The paths were lined with Lesser Celandine, still closed until the sun came out. A Wood Pigeon flew by and a Skylark launched itself into the air, singing its heart out. In the trees were Goldfinches, and then a Yellowhammer. Completing the yellow theme, was a clump of Yellow Archangel in a shady corner. The native plant is Lamiastrum galeobdolon subsp. Montanum, which has plain green leaves and is found mainly in the south, but these were the naturalised garden escapes, subsp. argentatum, with the white marks on the leaves. It has spread rapidly in the last 30 years and was pronounced an invasive alien in 2013.

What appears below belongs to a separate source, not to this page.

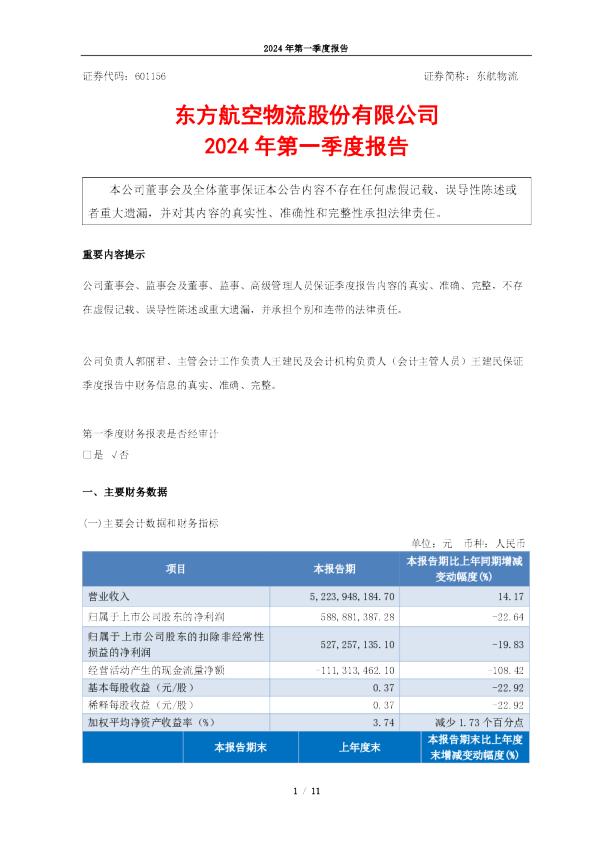 东航物流：东航物流2024年第一季度报告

We lunched by some ponds, hearing a Nuthatch and a Chiffchaff. There was a Robin on a gate. Back on the path, we noted a cluster of about ten Oak apples on a twig on the verge, which we thought was a broken branch, but it was a very small rooted tree. Never seen so many Oak Apples on a tree so small. The Blackthorn was out.

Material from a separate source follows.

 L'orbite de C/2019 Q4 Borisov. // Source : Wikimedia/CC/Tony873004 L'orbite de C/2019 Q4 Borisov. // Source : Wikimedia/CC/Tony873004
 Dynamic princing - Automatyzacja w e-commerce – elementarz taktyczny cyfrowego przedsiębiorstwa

In the sunshine on a sheltered bank there were butterflies on wing. We found a Small Tortoiseshell and this Peacock.
There was also a Red-tailed Bumble Bee on a Dandelion.
We heard a Pheasant, but we still haven’t seen one. By the base of a tree a splendid patch of Lesser Celandines was open.

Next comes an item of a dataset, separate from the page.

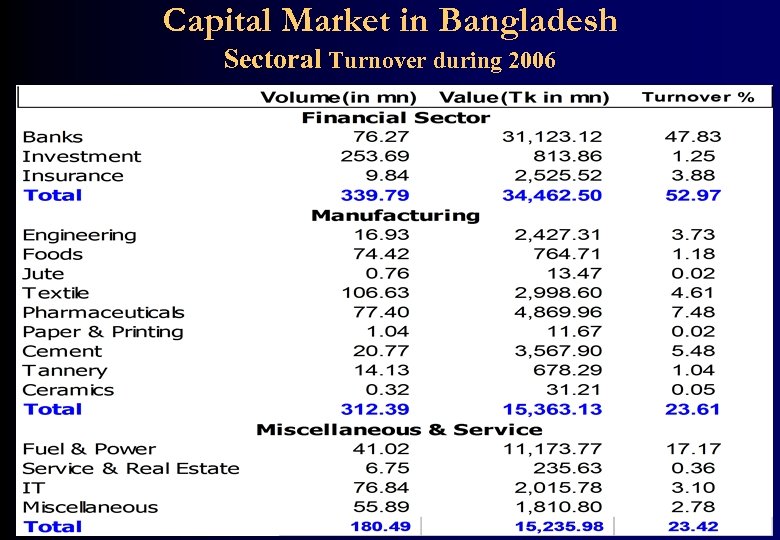 Capital Market in Bangladesh Sectoral Turnover during 2006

Near Brimstage a cowpat had several Yellow Dung Flies Scathophaga stercoraria. They look like males to me, because the females are greener. They don’t eat the dung themselves but lie in wait and predate other flies which come visiting. The females lay eggs in dung, too, so the males have a second reason to hang around there.
Where the path emerges onto Brimstage Road there’s an Ash tree with a huge distorted base to its trunk, where the roots have become exposed.
Over the road is a straggly-looking Larch, showing its cones of last year and red firework flowers.
A Horse Chestnut flower bud, nearly ready to open.
Swallows often nest in Brimstage courtyard, in the tunnel over the stairs, but there was no sign of any today. Then we set off again back to Thornton Hough, noting Coltsfoot and Red Dead-nettle near the Maze. Some Carrion Crows were attacking a Buzzard. The path off Talbot Avenue was very muddy, and we had to manoeuvre through the hedges around the miry bits, and why are there always spiny Bramble, Holly and Hawthorn just there? That slowed us down, so we didn’t get back to Thornton Hough until 5 to 3, having missed the return bus by 10 minutes.
Public transport details: 437 bus at 10.30 from Sir Thomas Street, arriving Thornton Hough / Seven Stars at 11.10. On the way back, missed the hourly 487 at 2.46, so we got the 87 at 3.01 towards Eastham Ferry, arriving Spital Station at 3.15. Then the train at 3.22, which arrived Liverpool 3.40.